Question

A cycle wheel of radius $0.5\, m$ is rotated with constant angular velocity of $10 \,rad/s$ in a region of magnetic field of $0.1\, T$ which is perpendicular to the plane of the wheel. The $EMF$ generated between its centre and the rim is,

• A. 0.25 V
• B. 0.125 V
• C. 0.5 V
• D. zero

Answer 1

The Correct Option is B

To determine the electromotive force (EMF) generated between the center of the wheel and its rim, we can use the formula for EMF induced in a rotating disc in a magnetic field. This can be given by:

EMF = \dfrac{1}{2} B \omega r^2

Where:

• B is the magnetic field strength, B = 0.1 \, T.
• \omega is the angular velocity, \omega = 10 \, rad/s.
• r is the radius of the wheel, r = 0.5 \, m.

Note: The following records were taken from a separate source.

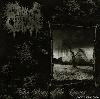 Picture for song 'The Willow Weeps for Me Part One' by artist 'Thorns of the Carrion'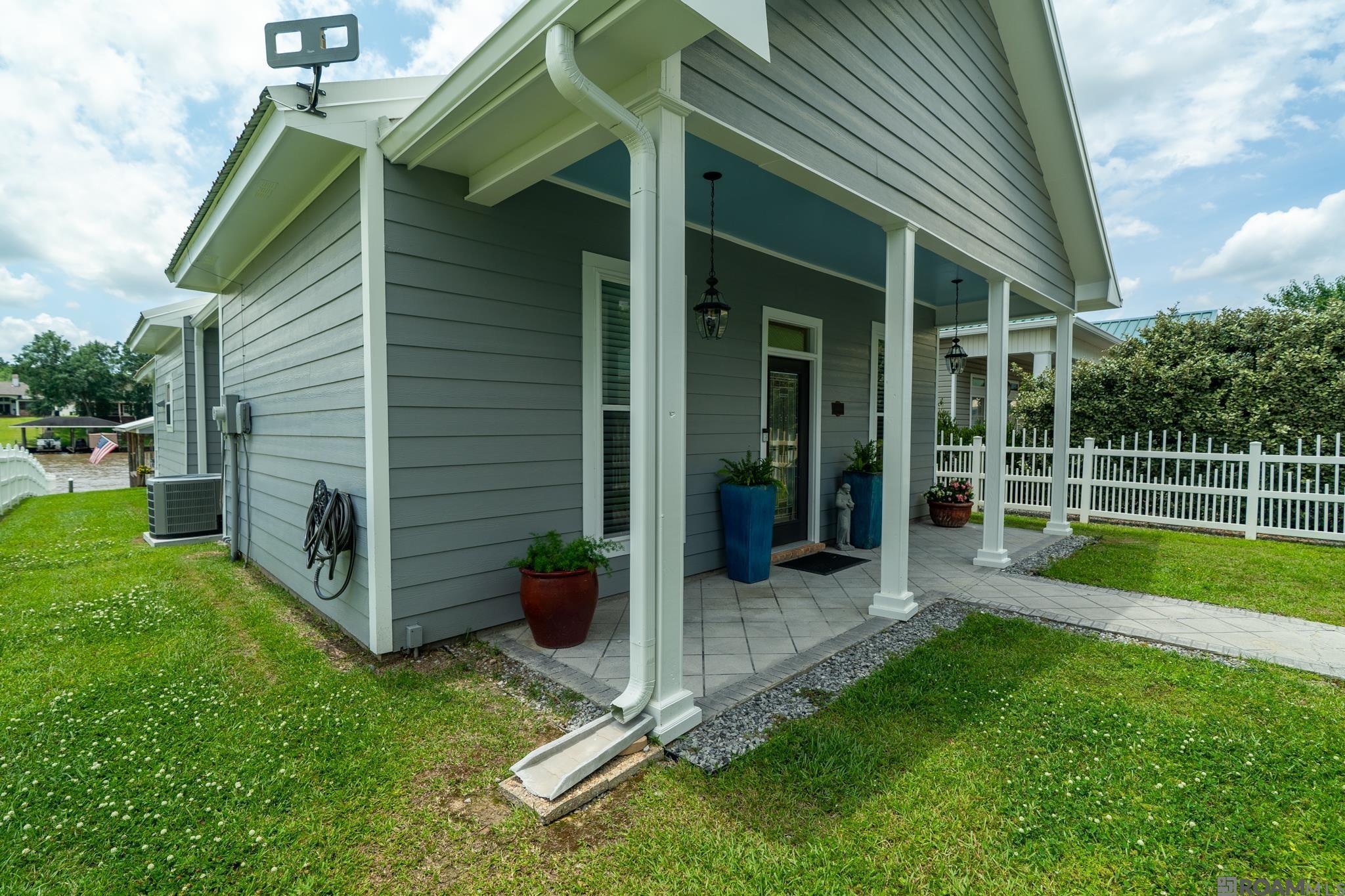 12361 Home Port Dr, Maurepas, Louisiana image 35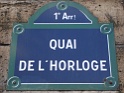 DSC00641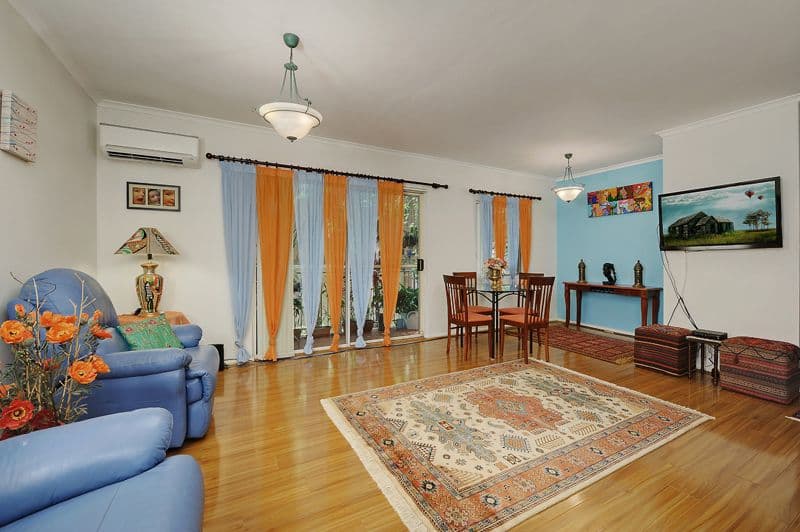 64 Albert Street, Hornsby NSW 2077, Hornsby - Image 1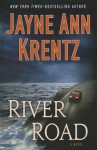 River Road - Jayne Ann Krentz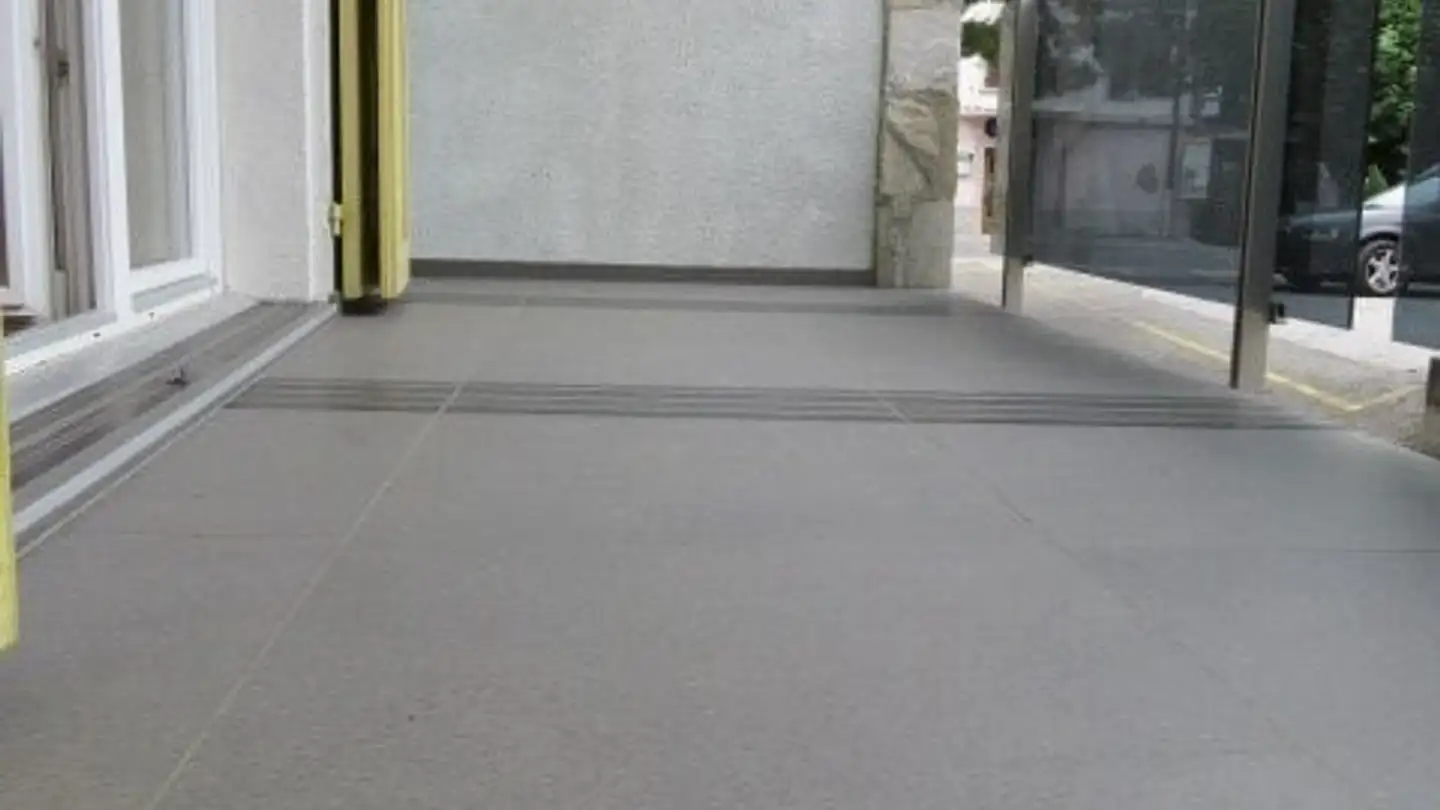 Appartamento in affitto - Route De Bramois, 1967 Bramois - Photo 4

Let's substitute these values into the formula:

EMF = \dfrac{1}{2} \times 0.1 \, T \times 10 \, rad/s \times (0.5 \, m)^2

Simplifying inside the brackets:

= \dfrac{1}{2} \times 0.1 \times 10 \times 0.25

Further simplifying:

= \dfrac{1}{2} \times 0.25

= 0.125 \, V

Thus, the EMF generated between the center and the rim of the wheel is 0.125 \, V.

Hence, the correct answer is:

0.125 V